やさしいことば
- 2025年11月1日
- エッセイ
最近NHKラジオから聞こえてくる「やさしいことばニュース」にわたしは感動をおぼえながら聞き入っている。
難しいことを易しく説き書くことは大変な能力だ。物それは事をよく理解していなければできない。
近頃は、簡単に、スマホが応えてくれて、判ったように思い込んでいることが多い。
実際には少しも解っていなかったとか、曖昧にわかった振りをしていたことに気づかされるのである。

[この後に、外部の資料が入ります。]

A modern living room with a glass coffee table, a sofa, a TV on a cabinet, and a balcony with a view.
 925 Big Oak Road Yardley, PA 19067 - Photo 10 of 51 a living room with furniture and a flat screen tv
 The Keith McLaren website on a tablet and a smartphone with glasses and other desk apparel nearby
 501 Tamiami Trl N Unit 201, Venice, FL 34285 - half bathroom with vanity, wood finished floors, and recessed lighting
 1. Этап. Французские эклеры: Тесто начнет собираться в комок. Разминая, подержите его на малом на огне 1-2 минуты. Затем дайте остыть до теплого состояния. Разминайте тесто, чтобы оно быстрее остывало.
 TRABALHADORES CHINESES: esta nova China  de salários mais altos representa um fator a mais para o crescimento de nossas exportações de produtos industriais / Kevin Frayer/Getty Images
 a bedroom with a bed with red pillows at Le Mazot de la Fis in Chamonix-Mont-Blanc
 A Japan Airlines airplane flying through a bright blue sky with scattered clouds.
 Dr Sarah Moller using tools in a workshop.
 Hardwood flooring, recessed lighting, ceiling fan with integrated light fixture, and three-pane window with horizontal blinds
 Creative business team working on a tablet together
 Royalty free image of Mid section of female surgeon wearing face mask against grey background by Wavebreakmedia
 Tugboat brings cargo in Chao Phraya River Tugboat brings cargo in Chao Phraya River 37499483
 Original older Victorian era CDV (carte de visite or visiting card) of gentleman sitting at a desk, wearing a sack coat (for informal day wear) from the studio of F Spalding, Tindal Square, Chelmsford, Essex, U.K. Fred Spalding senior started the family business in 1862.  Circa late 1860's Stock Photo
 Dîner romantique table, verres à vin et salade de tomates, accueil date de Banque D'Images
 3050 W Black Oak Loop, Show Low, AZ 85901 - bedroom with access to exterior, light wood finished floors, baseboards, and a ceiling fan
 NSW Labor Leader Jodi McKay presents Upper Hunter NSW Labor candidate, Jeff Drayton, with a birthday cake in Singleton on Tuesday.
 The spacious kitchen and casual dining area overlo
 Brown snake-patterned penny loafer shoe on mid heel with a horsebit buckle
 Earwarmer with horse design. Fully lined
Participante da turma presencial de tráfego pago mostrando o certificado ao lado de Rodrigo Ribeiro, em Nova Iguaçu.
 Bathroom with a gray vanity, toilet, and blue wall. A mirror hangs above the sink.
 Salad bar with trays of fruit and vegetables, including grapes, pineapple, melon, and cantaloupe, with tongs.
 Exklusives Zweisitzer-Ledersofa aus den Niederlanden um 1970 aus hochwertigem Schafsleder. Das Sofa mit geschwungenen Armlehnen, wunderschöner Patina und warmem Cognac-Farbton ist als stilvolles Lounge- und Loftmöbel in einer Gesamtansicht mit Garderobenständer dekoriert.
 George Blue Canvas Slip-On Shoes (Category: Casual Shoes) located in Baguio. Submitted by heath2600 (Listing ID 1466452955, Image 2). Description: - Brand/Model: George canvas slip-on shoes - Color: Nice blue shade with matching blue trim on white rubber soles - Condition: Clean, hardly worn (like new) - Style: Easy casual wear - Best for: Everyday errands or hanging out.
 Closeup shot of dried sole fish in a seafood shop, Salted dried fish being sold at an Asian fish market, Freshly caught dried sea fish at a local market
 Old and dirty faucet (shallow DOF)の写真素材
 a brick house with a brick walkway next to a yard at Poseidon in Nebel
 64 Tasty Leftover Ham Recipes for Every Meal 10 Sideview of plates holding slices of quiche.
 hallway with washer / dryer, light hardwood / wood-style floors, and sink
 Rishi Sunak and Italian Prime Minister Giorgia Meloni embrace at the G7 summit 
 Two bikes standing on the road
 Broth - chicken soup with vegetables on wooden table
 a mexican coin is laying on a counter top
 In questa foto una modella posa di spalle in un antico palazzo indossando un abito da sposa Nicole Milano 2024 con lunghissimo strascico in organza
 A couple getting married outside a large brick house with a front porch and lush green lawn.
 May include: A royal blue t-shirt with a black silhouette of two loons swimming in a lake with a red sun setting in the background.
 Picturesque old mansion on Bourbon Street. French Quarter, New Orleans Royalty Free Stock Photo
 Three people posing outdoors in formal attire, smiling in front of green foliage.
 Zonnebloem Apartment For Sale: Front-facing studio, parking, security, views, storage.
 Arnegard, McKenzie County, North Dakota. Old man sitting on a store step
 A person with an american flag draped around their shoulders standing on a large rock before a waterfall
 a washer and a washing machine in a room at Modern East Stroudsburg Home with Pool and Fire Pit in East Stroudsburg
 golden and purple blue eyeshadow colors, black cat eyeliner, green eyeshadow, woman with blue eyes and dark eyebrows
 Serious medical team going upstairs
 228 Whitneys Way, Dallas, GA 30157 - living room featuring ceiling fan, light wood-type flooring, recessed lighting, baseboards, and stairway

生きていくことは「不思議」が増えていくことであり、特別にわたしは物覚えが悪い。ものごとを記憶するのに、理屈をつけないと憶えることができない。受験期のころからそうであった。丸暗記ができないのだ。結局時間をかけて時代背景を知るとか、理科も実験してなるほどと思わなければ脳裏に刻まれない。
ようやく納得すると後は決して忘れない。
ところで理解するということは、事実を突き止めることとは限らない。想像力と推理力を働かせて考えるのである。言葉や文章には限界があり、それを理解するにも、その裏や横を考えてみなければならない。また、思考の底に愛情を持っていなければ互いの意思の疎通を欠くことにもなる。 「ことば」だけに頼ろうとするとしばしば誤解を生む。
日本人にとって「うた」は心の叫びであり。人の死を悲しみ、自然との戦いであり、好きな異性への愛情の吐露であり、別れの切なさ、憎しみ、 喜びであった。内面の憂悶を吐きだすこともある。死んでいくものへの鎮魂の折りでもある。
時折、自分だけ吐き出して満足する種類のうたもあっていい。そのようなときに、喩え話で広がりを見せる。
本質を、ぼかすことによって憎しみ悲しみは表面に出ない。作者の本音は裏地となって、表地は華やかそうな歌もある。